Academic freedom is another thing, but it should not include the right to encourage a Final Solution for whites. According to the CUNY student newspaper, Jeffries did so once in a CUNY classroom.
Of course, Jeffries has the legal right to espouse whatever ridiculous theories on race he can conjure up. But his message of division and cultural nationalism can only lead his followers--many of them inner-city Blacks still desperate for truly equal political representation--to violence. His power to incite hatred, his anti-Semitism and his anti-gay attitudes should be recognized as hateful non-scholarship.
Still, none of these things, horrifying as they are, makes Jeffries totally unacceptable as a guest speaker at Harvard. The Black Students Association (BSA), along with the Black Law students Association and the DuBois Graduate Society, asked Jeffries to speak in Sanders Theatre in February.
Our objections to this invitation stemmed not from Jeffries' beliefs.

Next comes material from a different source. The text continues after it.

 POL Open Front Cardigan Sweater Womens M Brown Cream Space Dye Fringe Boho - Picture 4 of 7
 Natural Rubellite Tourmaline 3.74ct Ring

Indeed, the BSA has every right to invite whomever they want, including people with non-mainstream and even racist views of history. When Conrad Muhammad was invited, for example, The Crimson did not object. Our gripe with the Jeffries invitation was founded on the belief that no organization should honor a violent criminal with a Harvard podium. In short, Jeffries should have appeared in a court in February, not in Sanders.
LAST NOVEMBER, Harvard buzzed about Peninsula's long-awaited special issue on homosexuality. The magazine even drew national press as it sparked protests on campus at which two professors, including Plummer Professor of Christian Morals Peter J. Gomes, came out of the closet.

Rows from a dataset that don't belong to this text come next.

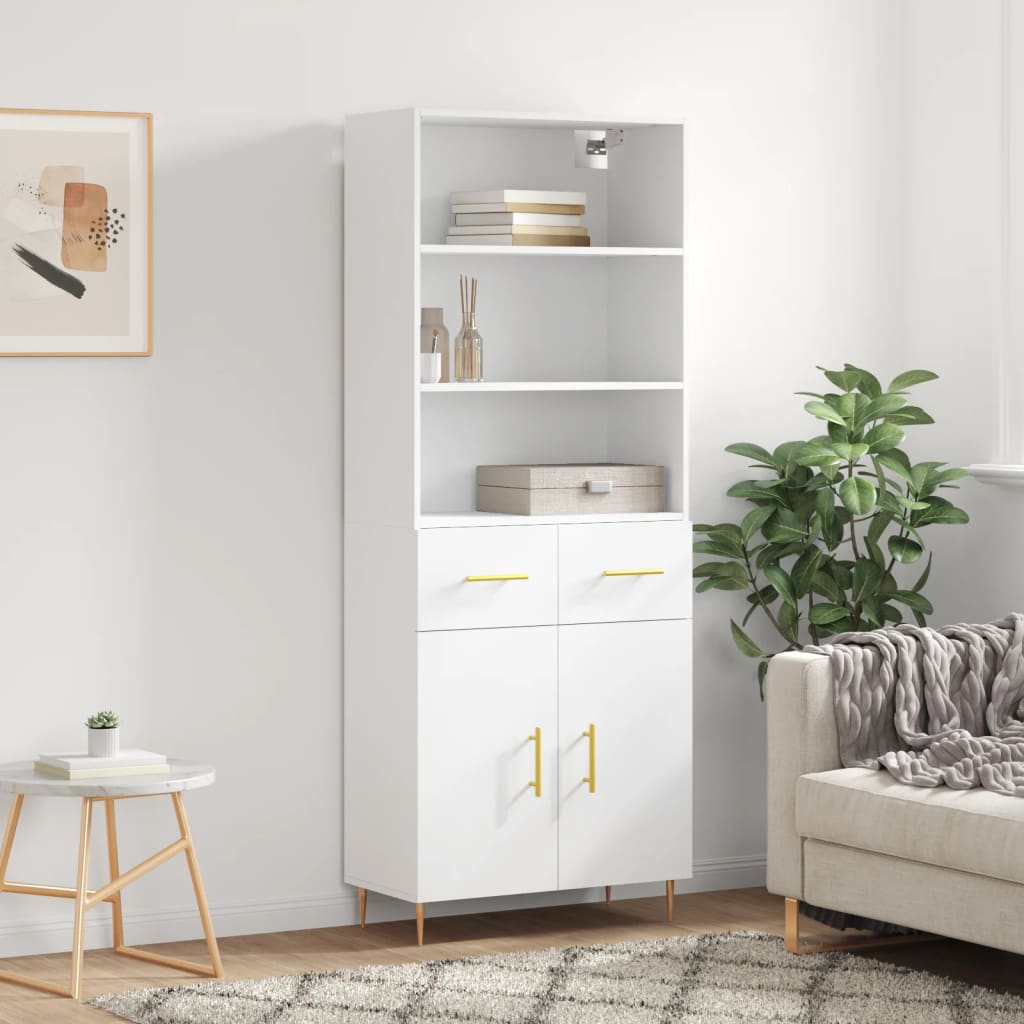 højskab 69,5x34x180 cm konstrueret træ hvid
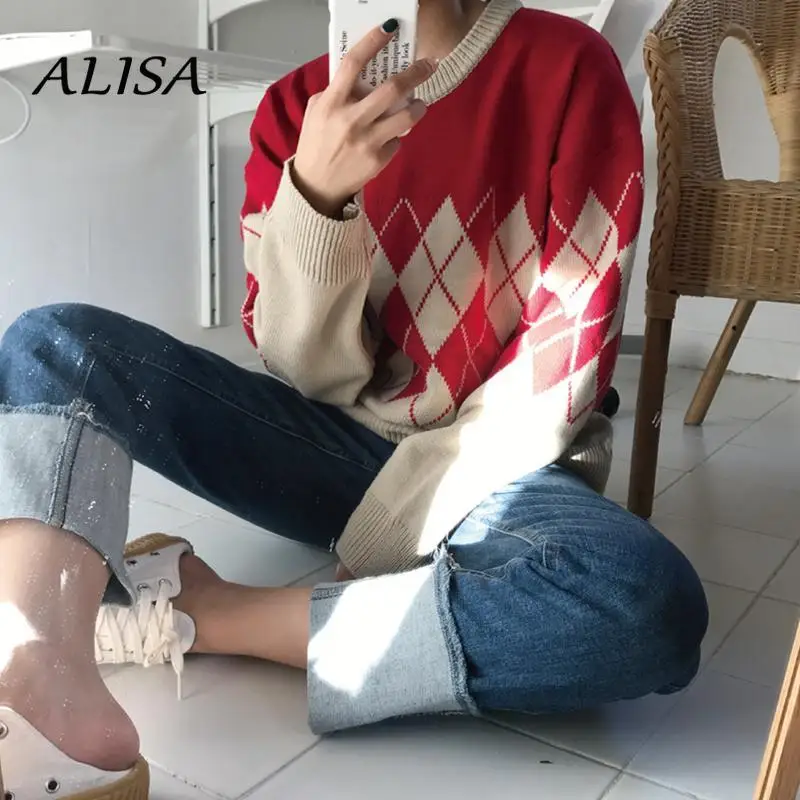 

Женский винтажный свитер с узором ромбиками, Свободный пуловер оверсайз с длинными рукавами, вязаные свитера в Корейском стиле Харадзюку н...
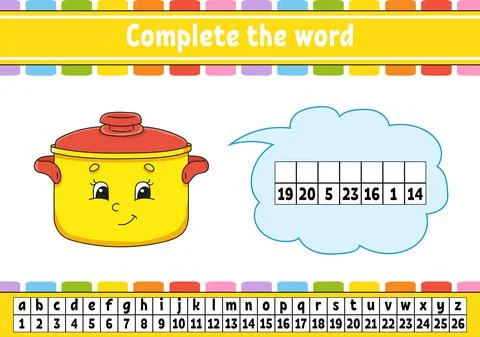 Complete the words. Cipher code. Learning vocabulary and numbers. Education w Stock Illustration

But while the issue was hurtful and clearly offensive to many of us who disagree with its central proposition, it wasn't hateful. It was well within the bounds of intellectual discourse. They made arguments--most of them riddled with inaccuracies, inconsistencies and irrelevancies--but arguments nonetheless.
None of their observations came close to demonstrating that homosexuality is "bad." Imagine that gays were, in fact, "not truly happy." What would that prove? Only that homosexuals were unhappy. Not that homosexuality was in any way "bad." Practicing gay sex can indeed be dangerous. So can practicing heterosexual sex. That doesn't make either "bad." Being a police officer can be dangerous, too. Peninsula thinks homosexuality is "unnatural"? Who cares? So is Astroturf. And cow manure is natural. Peninsula's writers should think carefully before the equate their version of "unnatural" with "bad."

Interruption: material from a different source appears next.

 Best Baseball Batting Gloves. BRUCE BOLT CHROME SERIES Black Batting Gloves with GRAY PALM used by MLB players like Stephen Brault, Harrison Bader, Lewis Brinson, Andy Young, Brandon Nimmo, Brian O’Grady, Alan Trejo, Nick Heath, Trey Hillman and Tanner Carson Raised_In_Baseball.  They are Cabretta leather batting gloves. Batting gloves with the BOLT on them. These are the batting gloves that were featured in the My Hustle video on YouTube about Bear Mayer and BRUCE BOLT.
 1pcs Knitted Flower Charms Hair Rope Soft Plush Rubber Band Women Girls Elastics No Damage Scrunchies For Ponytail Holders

Later in the year, the Concerned Christians at Harvard (CCH), attacked Gomes and called for his resignation as Memorial Church minister. CCH insisted that it was not asking for his resignation because he is a homosexual--only because he's not a self-hating homosexual. One CCH member said, "If Gomes were repentant of his homosexuality...there wouldn't be a need to call for his resignation." And CCH said it wanted Gomes fired on the grounds that he preached something they see as antithetical to Christianity.
Basically, all of this boils down to a theological dispute--one that should be debated at the Divinity School, not in University Hall. Of course Gomes should not be dismissed over such a dispute. For our part, we do not think homosexuality is in any way "wrong" or "hurtful." And Gomes himself has been a valuable member of the community. Still, we must object to the continued existence of institutionalized Christianity at Harvard. The policy of mixing academics with religion should end. It belies the ideal of a "secular" University and is simply unfair to non-Christians. One option is for Memorial Church to become an ecumenical religious center for all students.
WE DON'T REJECT many advertisements. Then again, we don't get offered too many blatantly false ads from blatantly anti-Semites. Last December, The Crimson and other college papers received a full-page ad explaining how the thought police was preventing academic debate about the Holocaust's non-existence, how the photos, documents and eyewitness accounts proving the obvious in fact prove nothing, how "Zionists and others in the Jewish community" whose "political and financial support for Jewish causes" had led "a conspiracy to suppress the truth." We chose not to run the ad and returned the money.
Over the years, many controversial arguments we have disagreed with have been made on these pages. But we're not talking about a controversial argument based on questionable facts in this case. We're talking about vicious propaganda based on utter bullshit that has been discredited time and again.
Simply put, we do not print just anything, and we will not prostitute this paper to "disseminate the good news" of lies and hatred. There will be borderline cases for this rule, but this was not one of them.
SEVERAL MONTHS after the Date Rape Task Force released is long-awaited report, in April the Undergraduate Council also debated the ways in which the College should deal with cases of acquaintance rape. The Council approved a definition of rape as any sexual act that occurs "despite the expressed unwillingness of the victim" and left in a "gray area" those cases in which the initiator "falls to elicit consent, resulting in psychological or physical harm of the victim."